Tom has also filed a motion by Order to Show Cause (OTSC), to reargue the
Decision/Order, NYSCEF Doc. No. 627, seeking its recall and vacatur.
The Club filed an affirmation in opposition. NYSCEF Doc. No. 651. The term
“license agreement” is referred to in ¶¶ 2, 3 therein. The license agreement itself is found at
NYSCEF Doc No. 601.
The Court, in the conformed OTSC provided the Club with an additional opportunity
to respond by midnight on 5/26/2023. NYSCEF Doc. No. 655. No submission was filed.
Tom was given until 4:00PM on 5/31/2023 to make the instant submission as a reply memo in
Tom’s motion for reargument.
On a threshold basis, the Club by its unlawful eviction denied Tom due process of law
as codified in RPAPL § 713. The statute requires 10 days written notice and a special
proceeding before a licensee can be lawfully removed from possession of real property.
Said licensee status was terminated by a sealed Order. NYSCEF Doc. No. 646.1 (
If a licensee seeks permission to appeal the Order ending his license, the application of
RPAPL § 713 is automatically stayed under CPLR 5519(a)(6). Tom sought such permission
by his OTSC and stated he is ready, willing and able to tender the requisite undertaking.
If the automatic stay of CPLR 5519(a)(6) should be ruled inapplicable, the Court has
discretionary authority under CPLR 5519(c) and CPLR 2201 to grant a stay from the effect of
its Order terminating Tom’s license. NYSCEF Doc. No. 646 (sealed).
Tom is also seeking to reargue his motion to re-argue for vacatur of a Negotiated
Settlement Agreement (NSA) between the parties. NYSCEF Doc.
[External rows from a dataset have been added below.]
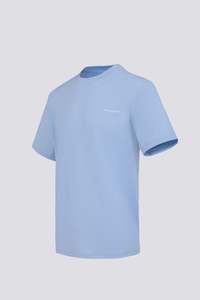 THE HEATHERED T-SHIRT - BABY BLUE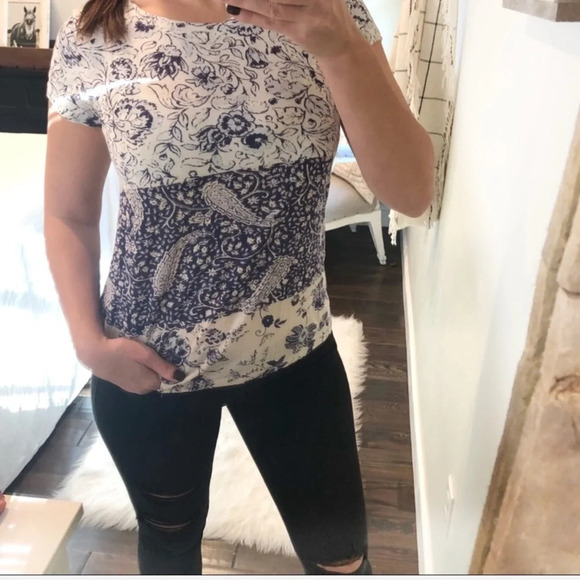 LUCKY BRAND Small boho paisley blouse - Picture 5 of 6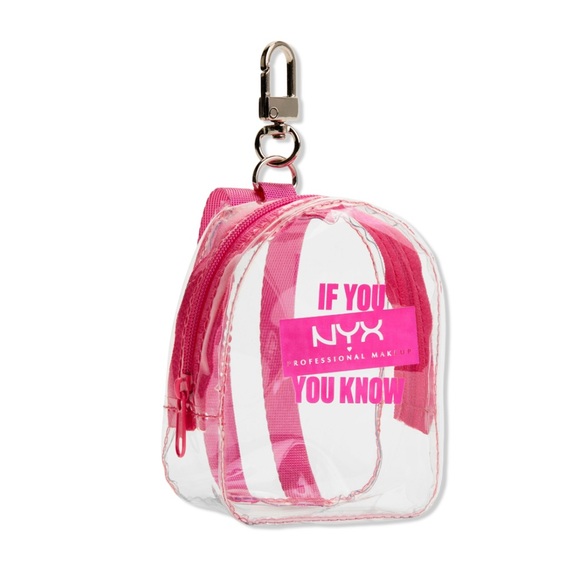 NYX Mini Backpack Keychain “If You NYX You Know” NWT - Picture 1 of 1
No. 644. If granted, this
would restore the parties to the status quo ante when this Article 78 proceeding commenced in
2020 mandating that Tom be restored to possession of Cabana D-9.
The grounds for re-argument are:
(i) The Defendant Club failed to pay the requisite fee to and file the NSA with the
Clerk of Nassau County as required by CPLR 2104. Non-compliance, under binding
precedent, makes the NSA non-binding on the parties.
1 Tom in the instant motion is seeking reargument and permission to appeal that Order.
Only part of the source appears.